Alors que la notion de totalitarisme était relativement peu présente au sein de l’espace intellectuel français dans les décennies précédentes, les années 1970 voient sa redécouverte, notamment sous l’impulsion de la publication en 1974 de L'Archipel du Goulag d’Alexandre Soljenitsyne, dans un contexte politique national marqué par l’Union de la gauche, la défense maintenue de l’URSS par le Parti communiste français et la place prépondérante accordée aux idées de Marx dans la vie des idées. Esprit joue un rôle central dans la réception hexagonale de l’œuvre du dissident russe, publiant par la suite de nombreux articles consacrés au phénomène totalitaire et à son rapport à la pensée de Marx, signés entre autres par Cornelius Castoriadis, Claude Lefort et Marcel Gauchet.
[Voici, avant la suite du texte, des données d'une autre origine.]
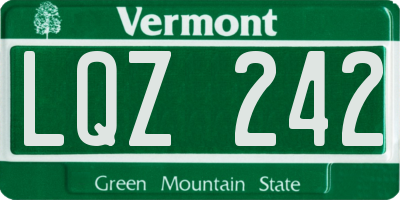 VT license plate LQZ242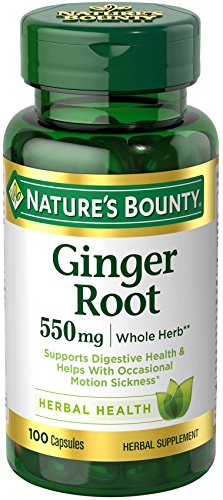 Product Cover Nature's Bounty Ginger Root 550 mg, 100 Capsules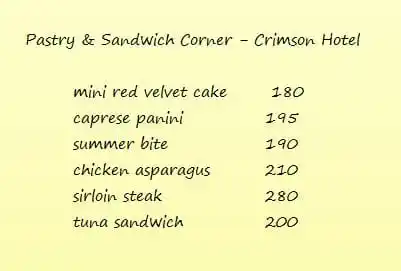 Pastry & Sandwich Corner - Crimson Hotel Food Photo 1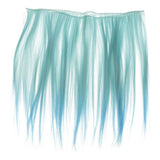 Maxbell Doll DIY Straight Hair 25cm x 100cm - For Arts and Crafts Doll Making Supplies -Blue - Aladdin Shoppers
La revue, dirigée par Paul Thibaud à partir de 1977, se rapproche au cours de la décennie 1970 du libéralisme, travaillant notamment à la défense des droits de l’homme. Elle s'intéresse à la pensée autogestionnaire et à la deuxième gauche, telle que représentée notamment par Michel Rocard. Parallèlement, elle mobilise beaucoup d'énergie dans le soutien des dynamiques d'émancipation à l'œuvre dans les pays d'Europe de l'Est.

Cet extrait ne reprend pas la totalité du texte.